1

I have a .txt document with this type of text:

[(“Vazhdo”,”verb”),(“të”,”particle”),(“ecësh”,”verb”),(“!”,”excl.”)]

(which represents a sentence and the Parts of Speech tags for each word)

I want to have a list of list in python, like this:

[[(“Vazhdo”,”verb”),(“të”,”particle”),(“ecësh”,”verb”),(“!”,”excl.”)]]

But I obtain this:

['[(“Vazhdo”,”verb”),(“të”,”particle”),(“ecësh”,”verb”),(“!”,”excl.”)]\n']

The code I'm using is:

import io
f=io.open("test.txt", mode="r", encoding="utf-8-sig")
f_list = list(f)

How can I avoid the ['[ .... ]\n'] ?

Thank you!

Kena
  • 43
  • 6
  • The best solution here might to be to modify whatever *produces* that file to write, for example, proper JSON instead. Obviously, that is not always possible. – Ture Pålsson Feb 09 '22 at 06:04

3 Answers3

3

it looks like you can just do

import json
data = json.load(open('test.txt'))

this answer was wrong sorry... [("word","QQ")] is NOT valid json as json does not support tuples

instead you should be able to do

import ast
data = ast.literal_eval(io.open("test.txt", mode="r", encoding="utf-8-sig").read())

here is my version

import io,ast,requests

#text file available at
text_url = "https://gist.githubusercontent.com/joranbeasley/a50d940d9ac47e8458f027d3cc88e236/raw/3a65169d30e653e085284de16b1ee715f3596c95/example.txt"
with open("example.txt","wb") as f:
    # download and save textfile
    f.write(requests.get(text_url).content)
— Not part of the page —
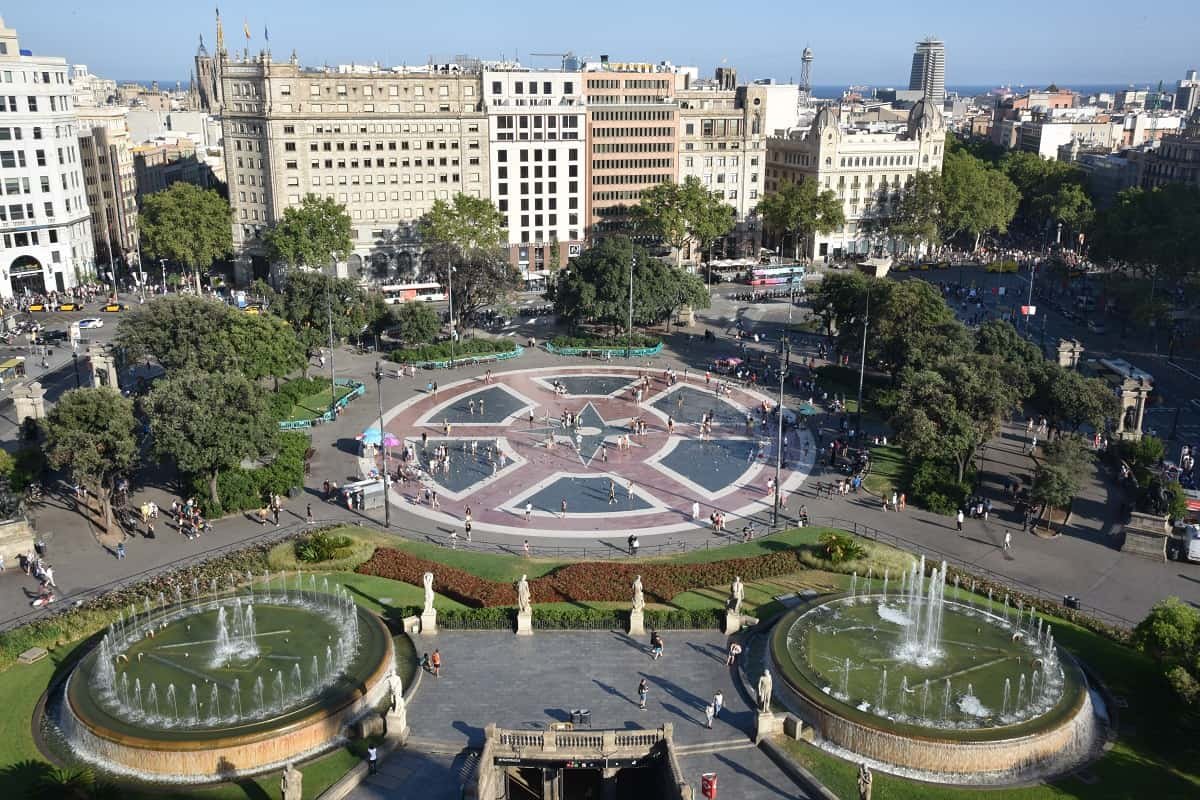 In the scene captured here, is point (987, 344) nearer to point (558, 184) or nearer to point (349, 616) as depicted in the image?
point (349, 616)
data = ast.literal_eval(io.open('example.txt',encoding='utf8').read())
print(data)
print(data[0])
print(data[0][0])

results in

[('Vazhdo', 'verb'), ('të', 'particle'), ('ecësh', 'verb'), ('!', 'excl.')]
('Vazhdo', 'verb')
Vazhdo
Joran Beasley
  • 110,522
  • 12
  • 160
  • 179
  • I tried it, but I receive this error because of the encoding: UnicodeDecodeError: 'charmap' codec can't decode byte 0x9d in position 16: character maps to – Kena Feb 09 '22 at 05:38
  • 1
    you i guess need `io.open("test.txt", mode="r", encoding="utf-8-sig")` instead of just open :/ – Joran Beasley Feb 09 '22 at 05:40
  • 1
    It gives this error after adding it: JSONDecodeError: Expecting value: line 1 column 2 (char 1) – Kena Feb 09 '22 at 05:42
  • @BrikenaLiko yeah ... oops it was my bad (see answer edit) – Joran Beasley Feb 09 '22 at 05:55
  • What does it gives to your computer, if you replicate the txt file with the text above? Because , if it works for you, I don't know what I'm doing wrong, I just copy-pasted and I read the error: SyntaxError: invalid syntax – Kena Feb 09 '22 at 06:05
  • can you post your actual text file ... i did copy and paste and it worked fine... but it is probably encoding issues that dont manifest with copy and paste ... . if it actually has those funny quotes that might be problematic (alot of times those are introduced in copy paste errors) ... do you have any ability to change how the file is generated just slightly ... this seems like someone was trying to write json....but they did it wrong – Joran Beasley Feb 09 '22 at 06:07
  • Let us [continue this discussion in chat](https://chat.stackoverflow.com/rooms/241849/discussion-between-brikena-liko-and-joran-beasley). – Kena Feb 09 '22 at 06:17
1

io.open() reads the file as a list of strings so you'll need to evaluate each line of the .txt file to get a list of lists instead of your list of strings.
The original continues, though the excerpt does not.